Republican gubernatorial candidate Kari Lake, backed by former President Donald Trump, was down by 7 points to Karrin Taylor Robson, who is endorsed by former Vice President Mike Pence. The race pits Trump and Pence against each other and tests the future of the Republican Party as one of election denial or traditional conservative values.
Though Lake was behind, she said during a speech to supporters Tuesday night that she had won.
Trump-backed Blake Masters had a 5-point lead against Jim Lamon in the GOP Senate primary.

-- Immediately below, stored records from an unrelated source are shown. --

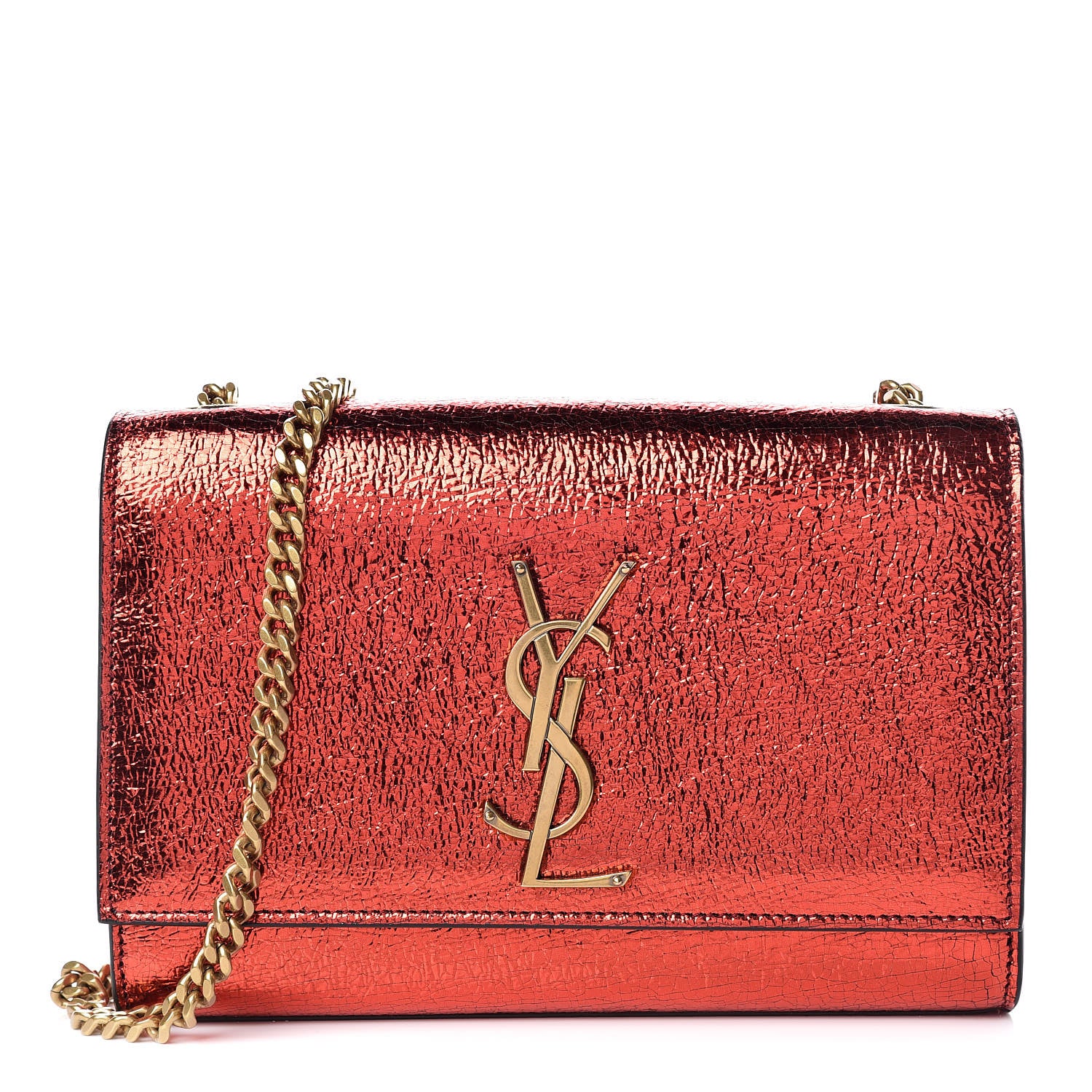 Saint Laurent Metallic Calfskin Small Classic Monogram Kate Satchel Red 1 of 9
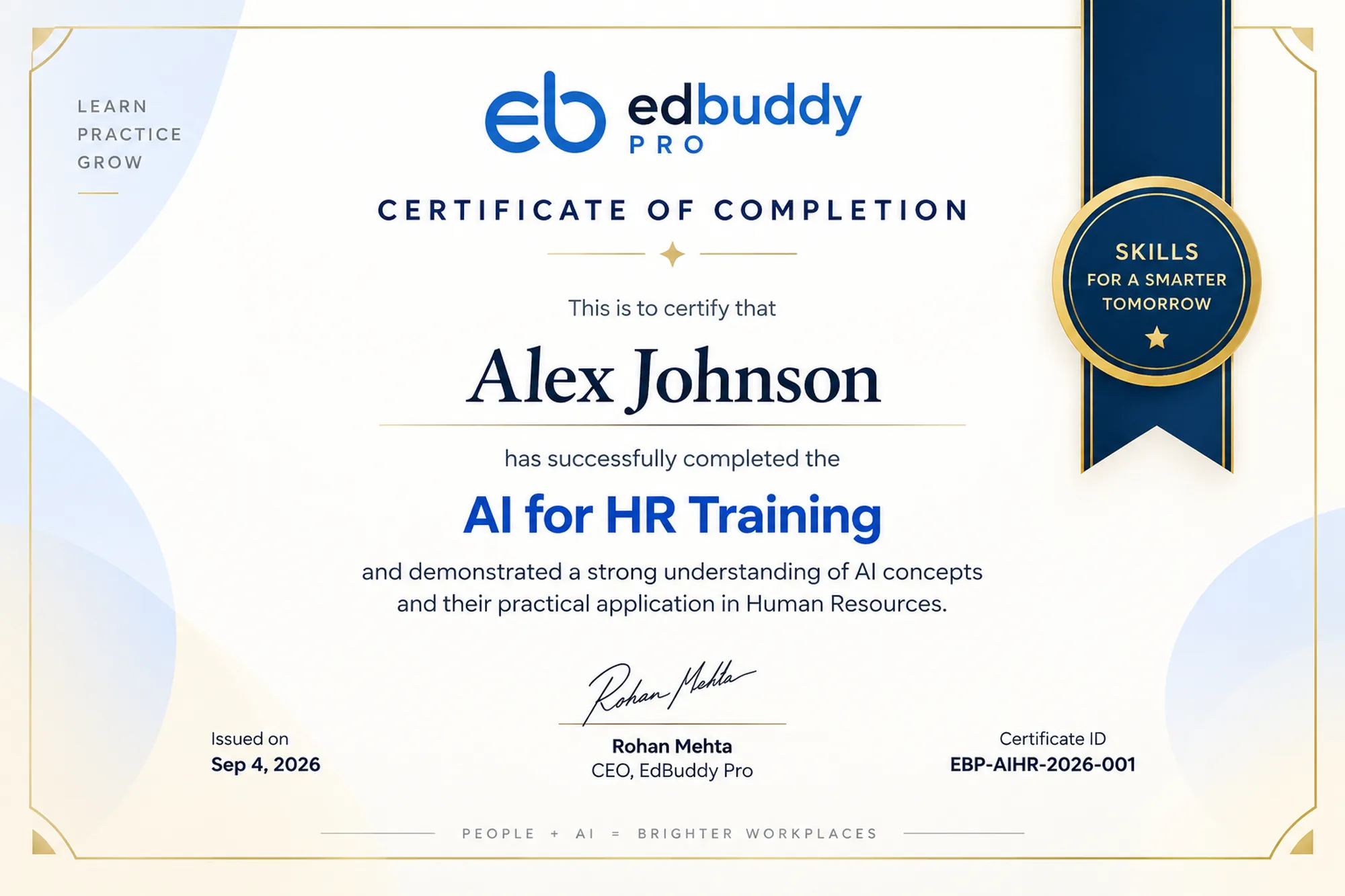 edBuddy Pro certificate of completion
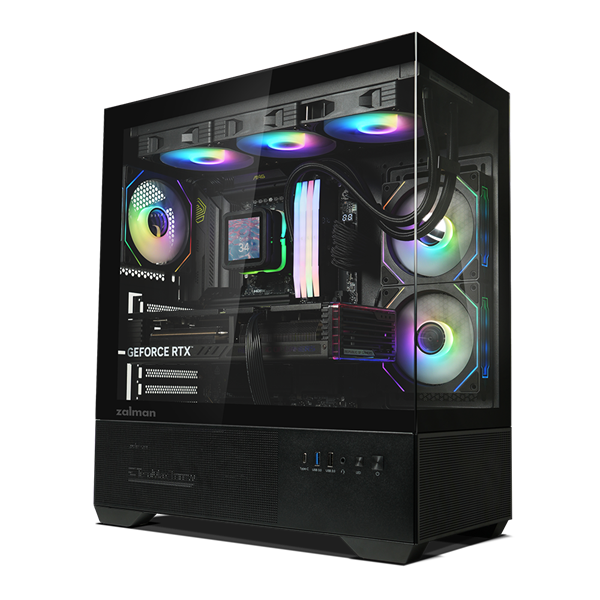 Корпус ZALMAN CHRONIX V2, ATX, BLACK, WINDOW, 1xCombo (3.5’’ or 2.5’’), 1x3.5’’HDD, 2x2.5’’SSD, 1xUSB2.0, 1xUSB3.0, 1xUSB Type-C, SIDE 2x120mm ARGB, REAR 1x120mm ARGB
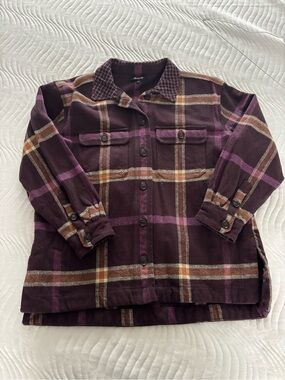 Madewell Plaid Button-Front Shirt Jacket in Deep Plum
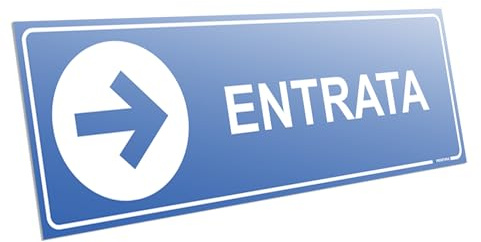 PRINTIMA 32x10,5 cm Pittogramma Entrata Freccia Destra in PVC blu, cartello segnaletico per ingresso, ufficio, hotel, negozio, corridoio, reception, kit montaggio incluso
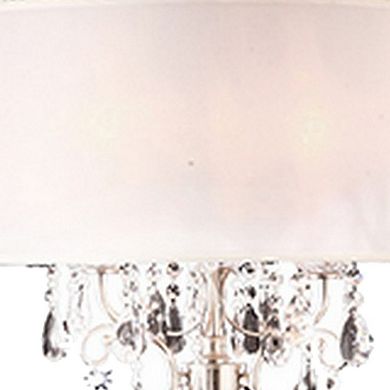 Stalk Design Metal Floor Lamp with Hanging Crystal Accent, Silver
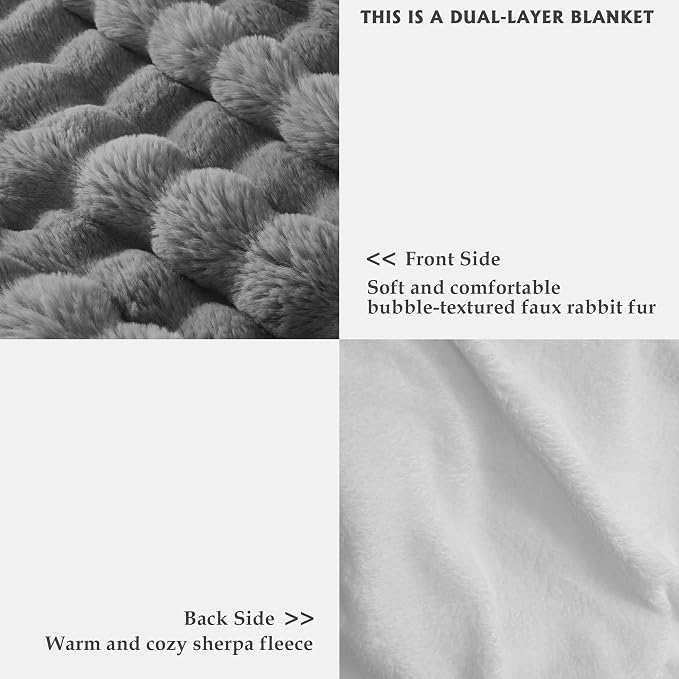 60x80 Inches Ultra-Soft Fuzzy Faux Fur Plush Twin Size Blanket - Image 3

And Mark Finchem, who is also backed by Trump, was running ahead of Beau Lane by about 10 points in the race for secretary of state.
— Candy Woodall
GOP Trump impeacher Peter Meijer loses primary to Trump-backed challenger
Rep. Peter Meijer, R-Mich., one of ten House Republicans who voted to impeach President Donald Trump over the Jan. 6 insurrection, lost a Republican primary Tuesday to Trump-backed challenger John Gibbs, according to race calls by CNN and NBC.
Meijer is now one of at least six GOP impeachers who will not be returning to Congress next year. Four have retired, while a Trump-backed candidate defeated Rep. Tom Rice, R-S.C., in a June primary.
— David Jackson
Three GOP Trump impeachers: One is losing, two others are surviving
Donald Trump is looking at mixed results in his effort to defeat three House Republicans who impeached him over the insurrection of Jan. 6, 2021.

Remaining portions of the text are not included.